The thing that I actually wanted to achieve at this point was to add social registration and login to the site. I created an issue – Allow users to register and login using a Google account – and Copilot gave me some code. But at this point, it’s not just about code. You also need to configure stuff at Google in order to get this working. And, while Copilot gave me some information about what I needed to do, I haven’t yet been able to get it working. This is a good example of the limitations of AI-powered programming. It’s great at generating code, but (so far, at least) not so good at keeping up to date with how to interface with external systems. Oh, and there’s the problem we saw earlier about it not actually running the tests.
So, how do I think the experiment went? I was impressed. There was a lot of code generated that was as good or better than I would have written myself. There are certainly the problems that I mentioned above, but this stuff is improving at such an incredible rate that I really can’t see those problems still existing in a year.
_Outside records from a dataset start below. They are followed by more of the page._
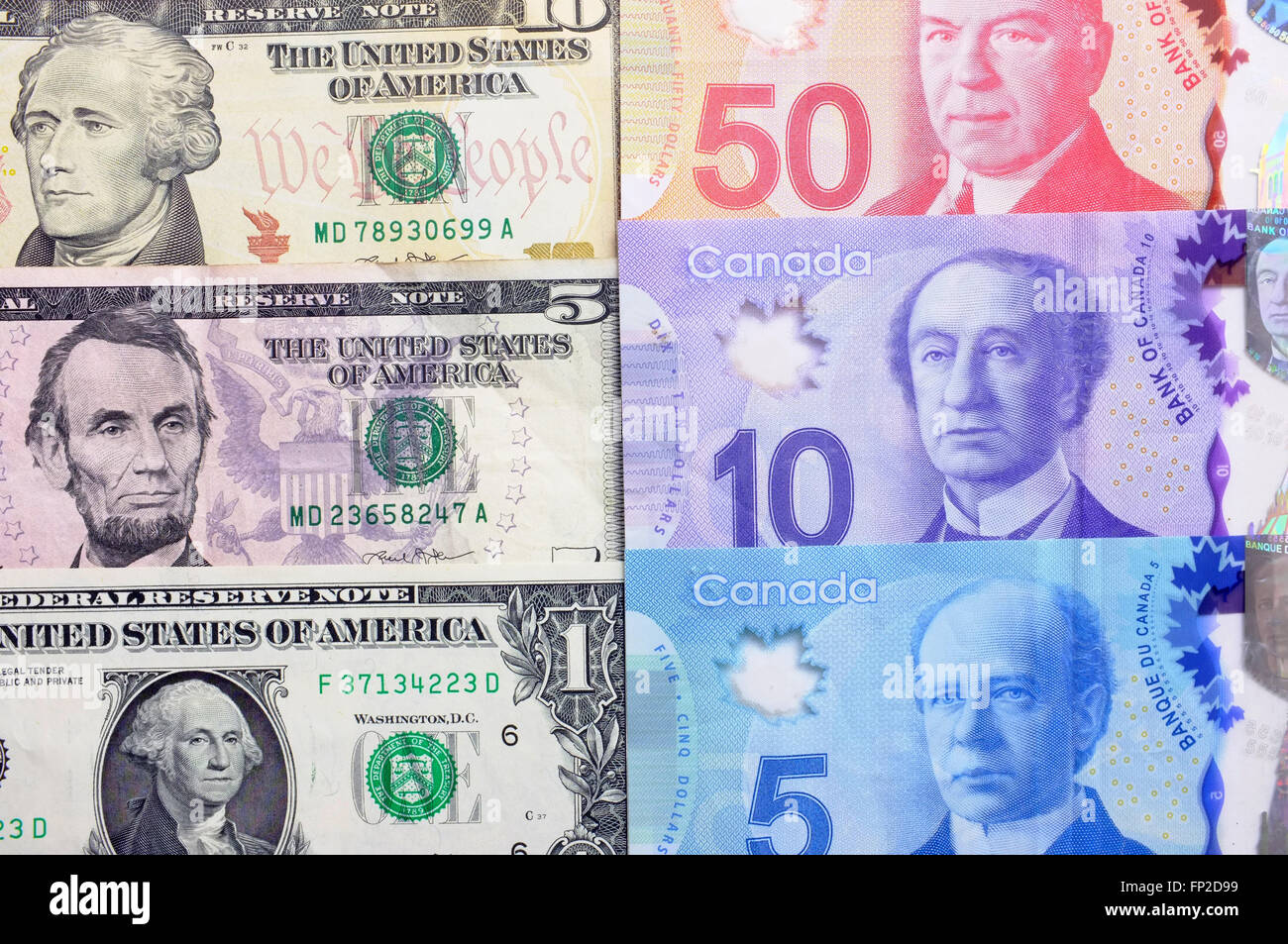 Notas de Dólar norteamericano y canadiense Fotografía de stock - Alamy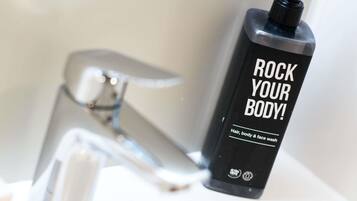 Een zwarte fles met een pompdispenser waarop staat 'ROCK YOUR BODY!' naast een chromen kraan.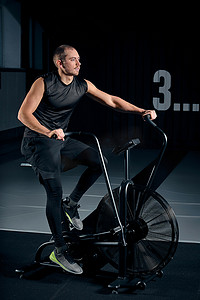 健身男性在功能训练馆使用空气自行车进行有氧运动。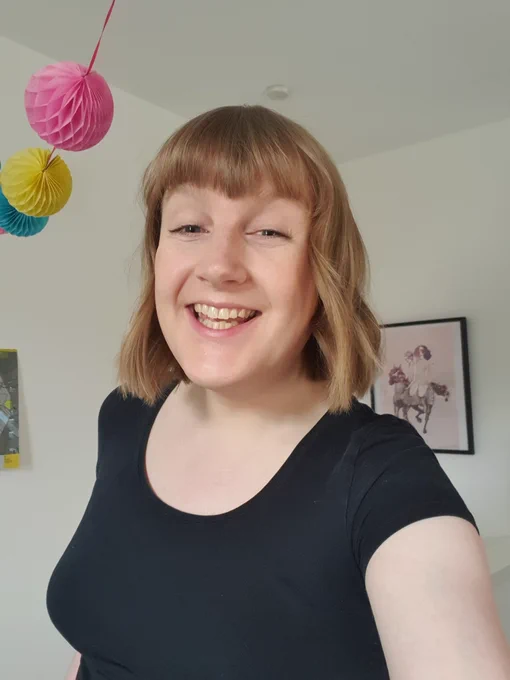 beth smiling at the camera wearing a black top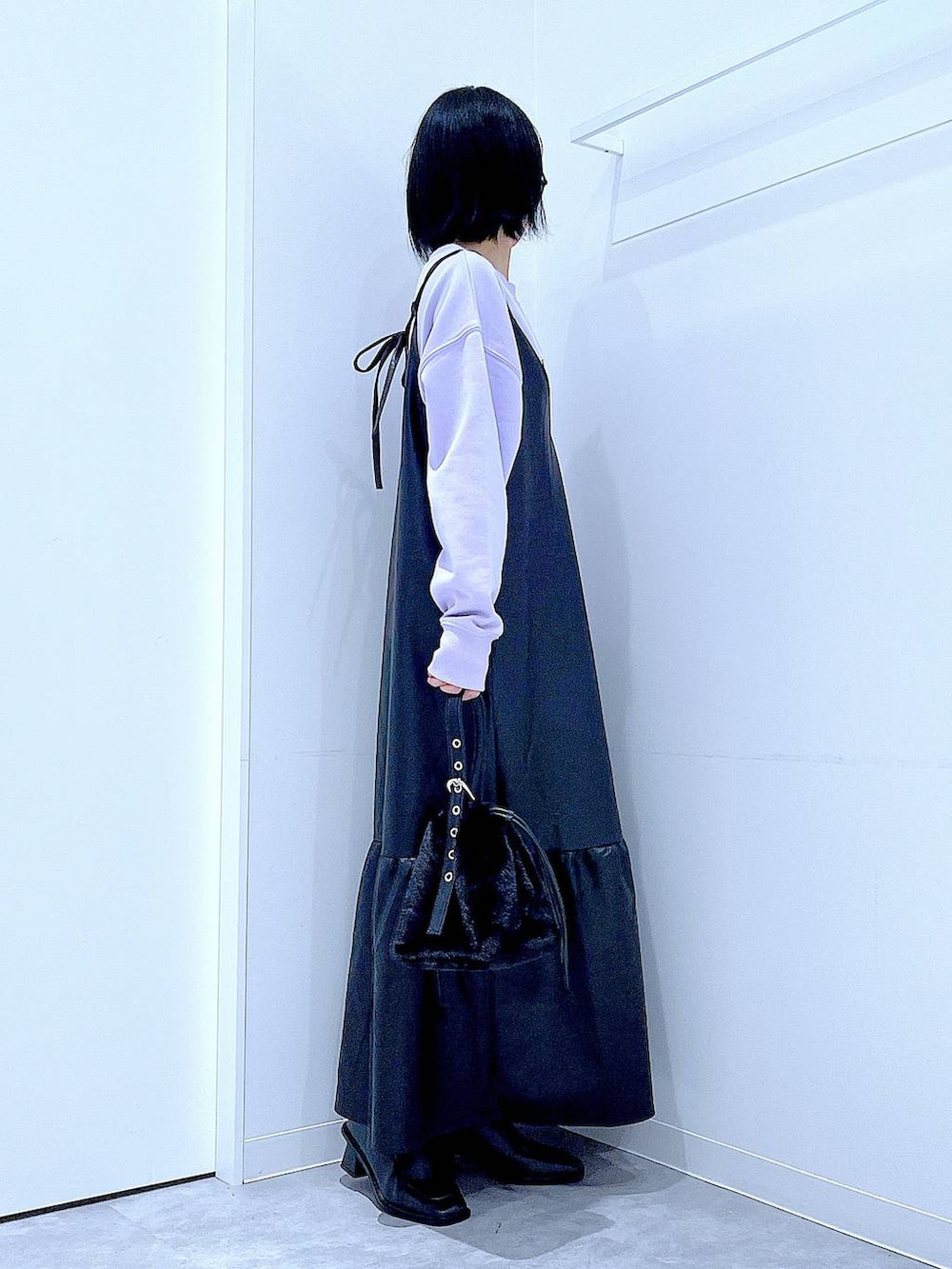 ブラック系のハンドバッグ、ブラック系のブーツ、パープル系のスウェットを着用したレディースの冬コーディネートの4枚目の写真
I’ve started using Copilot Workspace for a lot more of my projects. And I’m happy with the results I’ve got.
What about you? Have you used any version of Copilot to help with your coding? How successful has it been?
I haven’t used Copilot or other similar tools for one very strong reason: I don’t know what they’ve been trained on and the legal situation is unclear. Namely, who owns the output? Is it me, or Copilot, or the author of the code it’s been trained on? What if it’s produced code that is very similar to (or a verbatim copy of) something released under the (A)GPL – can I use it in a proprietary product?